Pourquoi les plaintes pour injures racistes sont si peu nombreuses en France
Les personnes noires continuent de subir des "discriminations nombreuses" en France, souligne la Commission nationale consultative des droits de l'homme (CNCDH) dans un rapport qui formule plusieurs recommandations afin de "décoloniser les esprits".
Dans l'édition 2019 de ses travaux "sur la lutte contre le racisme, l'antisémitisme et la xénophobie", remis au Premier ministre jeudi matin, la commission développe une partie de son rapport, bouclé en mars, sur les particularités du racisme envers les personnes noires. Entre 2017 et 2018, déjà, la France avait connu une hausse de 20% des actes racistes.
Ces chiffres sont pourtant sous-estimés par rapport à la réalité. De nombreuses insultes racistes ne sont jamais signalées et ne rentrent donc pas dans les comptes du ministère de l'Intérieur.
Plus que les regards, parfois déplacés, dans la rue, ce sont les mots de certains qui blessent Nadjidah.
“Des petits ou des grands, ils me traitent de noir ou ils me disent que j’ai un gros nez des trucs comme ça. Pour eux, ce n’est pas méchant, si on leur pose la question est-ce que vous êtes raciste, ils vont dire non”, indique-t-elle.

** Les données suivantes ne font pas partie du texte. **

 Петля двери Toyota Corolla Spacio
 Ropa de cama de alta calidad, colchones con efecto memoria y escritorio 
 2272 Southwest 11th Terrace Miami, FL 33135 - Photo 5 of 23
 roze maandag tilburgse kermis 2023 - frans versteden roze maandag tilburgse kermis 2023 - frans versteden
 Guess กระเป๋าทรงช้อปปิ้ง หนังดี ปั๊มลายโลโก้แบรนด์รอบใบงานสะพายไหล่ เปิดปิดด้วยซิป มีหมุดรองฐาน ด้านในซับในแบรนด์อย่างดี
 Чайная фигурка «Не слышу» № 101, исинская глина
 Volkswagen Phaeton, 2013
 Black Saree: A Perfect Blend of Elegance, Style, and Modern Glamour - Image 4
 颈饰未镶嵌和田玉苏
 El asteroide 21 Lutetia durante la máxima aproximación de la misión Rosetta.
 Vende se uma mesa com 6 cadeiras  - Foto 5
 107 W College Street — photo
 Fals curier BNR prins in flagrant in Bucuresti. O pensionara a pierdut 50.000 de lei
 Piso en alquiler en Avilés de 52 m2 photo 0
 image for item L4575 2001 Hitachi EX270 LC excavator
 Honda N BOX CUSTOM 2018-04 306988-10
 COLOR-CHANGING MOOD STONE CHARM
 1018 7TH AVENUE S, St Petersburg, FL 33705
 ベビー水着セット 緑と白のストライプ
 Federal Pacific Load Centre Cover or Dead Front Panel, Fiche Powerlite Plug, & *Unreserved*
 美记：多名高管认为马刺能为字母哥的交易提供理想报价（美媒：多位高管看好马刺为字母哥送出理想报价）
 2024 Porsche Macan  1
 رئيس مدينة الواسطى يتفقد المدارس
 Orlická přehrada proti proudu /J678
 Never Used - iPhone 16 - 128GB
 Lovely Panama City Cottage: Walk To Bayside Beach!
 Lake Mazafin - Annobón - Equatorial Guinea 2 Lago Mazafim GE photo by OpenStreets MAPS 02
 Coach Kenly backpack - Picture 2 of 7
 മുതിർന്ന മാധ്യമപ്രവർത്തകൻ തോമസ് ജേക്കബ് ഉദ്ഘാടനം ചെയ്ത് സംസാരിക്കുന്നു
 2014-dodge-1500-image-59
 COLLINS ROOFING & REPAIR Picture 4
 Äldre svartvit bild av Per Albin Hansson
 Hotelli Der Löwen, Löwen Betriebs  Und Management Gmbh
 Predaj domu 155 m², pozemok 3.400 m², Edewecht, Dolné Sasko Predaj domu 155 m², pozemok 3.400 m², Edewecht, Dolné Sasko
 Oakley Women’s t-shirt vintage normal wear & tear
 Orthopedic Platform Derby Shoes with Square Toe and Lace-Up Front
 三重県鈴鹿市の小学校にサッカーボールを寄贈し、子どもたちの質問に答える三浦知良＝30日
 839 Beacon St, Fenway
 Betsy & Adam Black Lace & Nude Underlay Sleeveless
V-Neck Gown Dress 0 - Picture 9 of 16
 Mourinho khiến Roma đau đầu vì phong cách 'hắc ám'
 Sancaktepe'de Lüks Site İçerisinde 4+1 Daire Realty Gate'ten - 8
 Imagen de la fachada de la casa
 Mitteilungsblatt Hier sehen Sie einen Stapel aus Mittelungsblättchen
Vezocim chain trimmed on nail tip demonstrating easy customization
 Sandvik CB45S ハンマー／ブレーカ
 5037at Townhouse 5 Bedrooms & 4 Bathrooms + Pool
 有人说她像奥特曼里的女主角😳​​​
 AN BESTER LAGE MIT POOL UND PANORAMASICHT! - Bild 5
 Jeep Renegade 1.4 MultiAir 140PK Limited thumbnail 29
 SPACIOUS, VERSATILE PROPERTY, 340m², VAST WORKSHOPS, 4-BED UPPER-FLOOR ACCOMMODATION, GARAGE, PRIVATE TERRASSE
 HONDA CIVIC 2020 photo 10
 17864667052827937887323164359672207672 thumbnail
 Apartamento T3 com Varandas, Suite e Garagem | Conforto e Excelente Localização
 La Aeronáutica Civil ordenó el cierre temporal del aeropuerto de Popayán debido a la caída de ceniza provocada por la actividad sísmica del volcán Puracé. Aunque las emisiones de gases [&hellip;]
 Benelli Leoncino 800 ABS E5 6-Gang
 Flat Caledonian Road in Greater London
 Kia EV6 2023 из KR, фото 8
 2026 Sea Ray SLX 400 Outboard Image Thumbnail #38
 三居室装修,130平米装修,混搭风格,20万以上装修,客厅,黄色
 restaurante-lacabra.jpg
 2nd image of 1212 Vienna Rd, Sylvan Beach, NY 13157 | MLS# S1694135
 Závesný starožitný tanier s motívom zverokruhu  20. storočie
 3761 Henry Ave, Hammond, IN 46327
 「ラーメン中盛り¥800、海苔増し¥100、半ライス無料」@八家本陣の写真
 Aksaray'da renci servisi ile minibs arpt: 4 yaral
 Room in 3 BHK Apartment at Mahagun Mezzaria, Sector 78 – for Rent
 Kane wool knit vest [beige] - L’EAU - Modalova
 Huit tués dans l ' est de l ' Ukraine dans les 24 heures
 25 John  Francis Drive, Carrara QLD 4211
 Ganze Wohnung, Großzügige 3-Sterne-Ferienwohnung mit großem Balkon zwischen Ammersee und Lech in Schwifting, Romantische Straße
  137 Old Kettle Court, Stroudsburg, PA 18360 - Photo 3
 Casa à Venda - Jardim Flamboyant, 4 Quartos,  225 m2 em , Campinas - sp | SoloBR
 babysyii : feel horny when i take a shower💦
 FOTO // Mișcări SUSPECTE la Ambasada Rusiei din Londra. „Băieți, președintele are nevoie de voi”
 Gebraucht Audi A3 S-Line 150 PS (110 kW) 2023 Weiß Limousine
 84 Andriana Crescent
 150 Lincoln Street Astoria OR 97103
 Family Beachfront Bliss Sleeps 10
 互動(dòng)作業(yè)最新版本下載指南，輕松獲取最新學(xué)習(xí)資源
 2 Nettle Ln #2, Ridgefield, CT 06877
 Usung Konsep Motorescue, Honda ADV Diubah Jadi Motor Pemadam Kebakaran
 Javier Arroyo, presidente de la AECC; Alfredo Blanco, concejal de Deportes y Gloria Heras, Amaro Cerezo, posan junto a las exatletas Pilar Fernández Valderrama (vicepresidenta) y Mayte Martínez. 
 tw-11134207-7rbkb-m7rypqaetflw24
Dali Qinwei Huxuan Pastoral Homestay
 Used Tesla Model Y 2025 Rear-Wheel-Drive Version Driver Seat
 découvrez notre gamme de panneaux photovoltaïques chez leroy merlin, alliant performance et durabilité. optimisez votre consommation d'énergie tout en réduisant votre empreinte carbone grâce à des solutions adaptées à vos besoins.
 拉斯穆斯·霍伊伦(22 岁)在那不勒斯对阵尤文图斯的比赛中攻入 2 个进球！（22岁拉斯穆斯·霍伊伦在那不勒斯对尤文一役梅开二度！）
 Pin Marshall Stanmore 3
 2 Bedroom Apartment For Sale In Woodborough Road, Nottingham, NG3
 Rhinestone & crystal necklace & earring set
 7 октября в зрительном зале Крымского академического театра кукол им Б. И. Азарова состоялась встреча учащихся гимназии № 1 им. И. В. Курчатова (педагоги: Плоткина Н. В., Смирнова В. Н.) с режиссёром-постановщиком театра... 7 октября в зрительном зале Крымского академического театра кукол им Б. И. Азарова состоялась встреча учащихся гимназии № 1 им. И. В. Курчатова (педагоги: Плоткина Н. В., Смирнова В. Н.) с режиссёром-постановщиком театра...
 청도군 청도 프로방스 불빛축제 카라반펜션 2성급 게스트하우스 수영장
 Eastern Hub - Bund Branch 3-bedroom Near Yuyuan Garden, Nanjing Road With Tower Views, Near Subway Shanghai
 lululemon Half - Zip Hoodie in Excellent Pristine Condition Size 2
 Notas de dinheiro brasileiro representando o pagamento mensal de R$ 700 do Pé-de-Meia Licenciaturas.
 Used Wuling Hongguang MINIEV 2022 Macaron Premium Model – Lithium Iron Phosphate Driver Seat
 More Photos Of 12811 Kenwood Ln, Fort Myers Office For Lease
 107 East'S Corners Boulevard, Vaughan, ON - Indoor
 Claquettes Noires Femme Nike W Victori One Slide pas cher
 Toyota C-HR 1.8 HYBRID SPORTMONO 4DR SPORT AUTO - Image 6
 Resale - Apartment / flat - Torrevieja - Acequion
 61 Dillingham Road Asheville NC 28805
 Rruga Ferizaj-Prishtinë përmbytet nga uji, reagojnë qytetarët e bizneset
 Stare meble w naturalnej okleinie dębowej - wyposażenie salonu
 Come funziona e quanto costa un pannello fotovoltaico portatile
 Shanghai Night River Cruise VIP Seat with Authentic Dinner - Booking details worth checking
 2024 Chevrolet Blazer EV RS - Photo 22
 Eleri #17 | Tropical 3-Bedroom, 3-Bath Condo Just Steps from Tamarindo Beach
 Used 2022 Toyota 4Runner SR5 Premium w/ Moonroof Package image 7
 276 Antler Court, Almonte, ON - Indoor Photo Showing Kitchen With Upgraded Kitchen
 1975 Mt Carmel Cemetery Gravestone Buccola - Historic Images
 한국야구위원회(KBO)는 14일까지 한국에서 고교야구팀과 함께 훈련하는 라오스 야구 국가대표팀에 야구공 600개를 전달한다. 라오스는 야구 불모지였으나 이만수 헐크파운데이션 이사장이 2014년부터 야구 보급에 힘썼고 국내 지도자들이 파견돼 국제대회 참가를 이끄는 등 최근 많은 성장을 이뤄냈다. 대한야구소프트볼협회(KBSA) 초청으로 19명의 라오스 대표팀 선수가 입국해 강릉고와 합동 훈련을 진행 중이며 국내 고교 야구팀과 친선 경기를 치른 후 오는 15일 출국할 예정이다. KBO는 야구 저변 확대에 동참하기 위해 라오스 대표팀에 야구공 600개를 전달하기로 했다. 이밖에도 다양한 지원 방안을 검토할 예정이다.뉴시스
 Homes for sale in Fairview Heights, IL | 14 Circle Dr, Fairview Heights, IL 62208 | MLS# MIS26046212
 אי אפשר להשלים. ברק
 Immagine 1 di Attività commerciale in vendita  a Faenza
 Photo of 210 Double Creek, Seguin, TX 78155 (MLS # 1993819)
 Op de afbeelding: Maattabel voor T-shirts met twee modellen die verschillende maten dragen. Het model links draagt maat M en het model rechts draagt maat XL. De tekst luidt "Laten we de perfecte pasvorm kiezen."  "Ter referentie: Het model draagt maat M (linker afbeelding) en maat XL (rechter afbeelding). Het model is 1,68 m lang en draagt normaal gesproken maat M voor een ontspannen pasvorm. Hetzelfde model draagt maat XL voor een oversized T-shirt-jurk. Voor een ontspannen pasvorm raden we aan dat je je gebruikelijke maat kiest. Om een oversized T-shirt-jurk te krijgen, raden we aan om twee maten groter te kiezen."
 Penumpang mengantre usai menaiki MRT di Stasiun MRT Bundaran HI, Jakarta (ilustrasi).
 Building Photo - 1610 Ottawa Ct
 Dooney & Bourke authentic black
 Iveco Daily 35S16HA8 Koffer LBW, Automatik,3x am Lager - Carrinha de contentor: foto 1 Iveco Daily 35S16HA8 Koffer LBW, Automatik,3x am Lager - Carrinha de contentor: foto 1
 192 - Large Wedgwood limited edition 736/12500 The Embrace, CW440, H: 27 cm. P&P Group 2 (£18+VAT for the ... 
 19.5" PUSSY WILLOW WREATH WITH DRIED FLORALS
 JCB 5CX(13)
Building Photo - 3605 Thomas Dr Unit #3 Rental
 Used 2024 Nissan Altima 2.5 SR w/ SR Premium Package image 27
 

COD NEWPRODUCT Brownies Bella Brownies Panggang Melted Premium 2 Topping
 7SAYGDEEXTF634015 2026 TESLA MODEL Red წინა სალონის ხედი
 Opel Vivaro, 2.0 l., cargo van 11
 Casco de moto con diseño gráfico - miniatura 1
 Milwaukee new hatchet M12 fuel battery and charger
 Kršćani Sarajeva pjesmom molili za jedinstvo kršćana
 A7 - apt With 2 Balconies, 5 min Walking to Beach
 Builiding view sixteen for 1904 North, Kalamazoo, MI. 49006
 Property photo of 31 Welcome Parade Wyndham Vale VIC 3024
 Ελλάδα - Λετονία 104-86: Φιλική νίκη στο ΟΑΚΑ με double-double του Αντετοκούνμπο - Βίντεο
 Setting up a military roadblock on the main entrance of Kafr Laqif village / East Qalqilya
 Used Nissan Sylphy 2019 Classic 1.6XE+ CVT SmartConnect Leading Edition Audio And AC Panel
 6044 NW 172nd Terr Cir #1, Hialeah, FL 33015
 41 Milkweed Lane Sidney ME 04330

Des insultes que cette Marseillaise de 21 ans entend régulièrement. Pourtant, elle n’a jamais porté plainte. “Je me dis qu’il y a des choses plus graves que ça en fait. Si c’est vraiment grave, si c’est du vrai racisme, là, j’irai porter plainte”, assure-t-elle.
Les peines encourues trop faibles?
Elle n’est pas vraiment un cas isolé. Fatima, non plus, ne voit aucun intérêt à aller au commissariat pour signaler des insultes racistes. “Si on nous traite de nègre, qu’on va au commissariat, on dit quoi ? Ils ont parlé de la couleur de ma peau, je suis noire. Donc je finis par ne plus m’en rendre compte, je ne fais plus attention”, affirme la jeune femme.
Et rien dans le système judiciaire français n’incite les victimes à porter plainte, regrette Pauline Birolini, juriste à SOS Racisme.
“Pour une injure raciste à caractère privé, on encourt jusqu’à 1500 euros d’amende maximum. Donc, souvent, c'est des amendes assez faibles, et les amendes allouées à la victime sont faibles aussi. Donc ce n’est pas très encourageant par rapport à d’autres infractions qui pourtant sont tout aussi graves”, indique-t-elle.
Elle estime que trois plaintes déposées sur quatre n’aboutissent à aucune procédure judiciaire.
A noter que ce rapport, a été bouclé en mars, avant les manifestations de ces dernières semaines contre le racisme et les violences policières organisées par le comité Adama Traoré, jeune homme noir mort en juillet 2016 après son interpellation par des gendarmes en région parisienne. Une mobilisation revenue au premier plan depuis la mort de George Floyd, un quadragénaire noir asphyxié par un policier blanc le 25 mai à Minneapolis.